Announcing: Online Newsroom Study

With the kind help of Phil Meyer, Ying Du and Sara Peach, I’ve just completed a survey of every person we could identify that works in online news production at newspapers in North Carolina. The results of the survey are in and I will be using this blog to share my notes and thoughts as I begin to cull through the numbers. I hope that by doing so, I’ll provoke some questions from you, dear reader, and some good ideas for further research.

The survey asked respondents specific questions about their own skills and duties of their daily work. It also asked them about their titles and the reporting structures of their organizations. I’ve been amazed at how little we really know — other than the hallway anecdotes at trade conferences — about how online newsrooms are organized. What, exactly, does a “producer” do?
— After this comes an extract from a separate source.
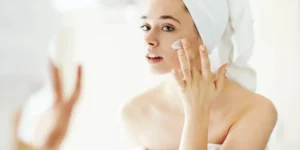 Girl applying cream on the face after shower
How do different skills and structures affect the product?

So, first, let me tell you a bit more about how we conducted the survey.

The survey aimed to identify everyone working in online news at daily newspapers in North Carolina. Sara Peach and I took two steps to identify them.
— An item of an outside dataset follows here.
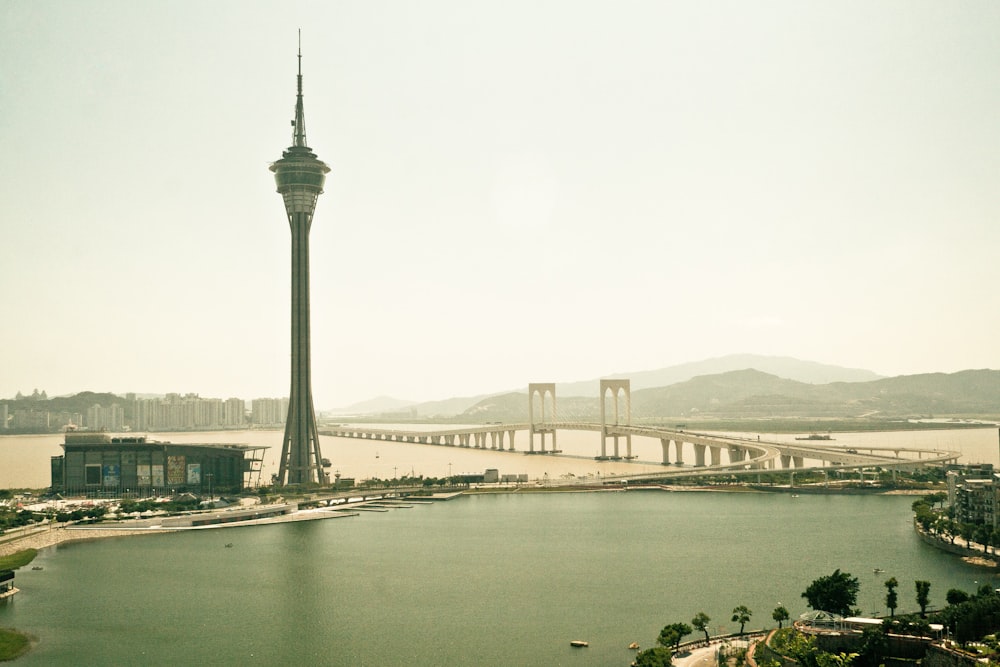 gray tower near body of water during daytime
For the first step, we attempted to find an online masthead that listed staff members with job titles that explicitly indicated they worked in online media. We didn’t set any specific criteria for that, but we tried to be as broad in our definition as possible. Before setting out on that task, we reviewed the job descriptions that the Online News Association uses to categorize its members and we also looked at a list of 237 job titles and detailed descriptions that The Croner Company used in its 2007 Online Content and Service Compensation Survey.

For the second step, we made phone calls and sent e-mails to the highest level editorial staffer we could find online to ask for the names of people that worked online at his or her newspaper. During this step, we discovered that several newspapers that have Web sites have no dedicated online staff. Some editors at such newspaper told us that they contracted out the editorial production of the the Web site. Other told us that “everyone” worked on the site.

We know we didn’t get everyone. Significantly, we did not obtain the names of any online staffers at the Durham Herald-Sun, the most widely circulated paper that the N.C. Press Association puts in its “medium” category. We also missed two online staffers who work at the Hendersonville Times-News and one online staffer at the Statesville Record & Landmark.

Late in the survey, during follow-up calls to folks who hadn’t yet responded, we also learned of other online staff members who probably should have been included in our panel.

We also know that there are some panelists who we surveyed that may not have been part of our intended population. Several folks who had job titles that explicitly indicated they worked in online media — job titles that exactly matched other people who did respond — but told us they didn’t do any work online. Others had more generic job titles that made me think there was a good possibility they worked in an online editorial role, but they reported back that they worked in some other related role — perhaps online advertising or pure technical systems management.

We ended up sending surveys to 109 people at 29 of the state’s 48 dailies, including all of the state’s large dailies (those with circulations greater than 35,000) and all but two of the state’s medium (circulations between 15,000 and 35,000) papers that said they had at least one person working online.

We heard back from 70 people at all 29 papers.

Tomorrow, I’ll report a little bit more about who they are and what they said they do.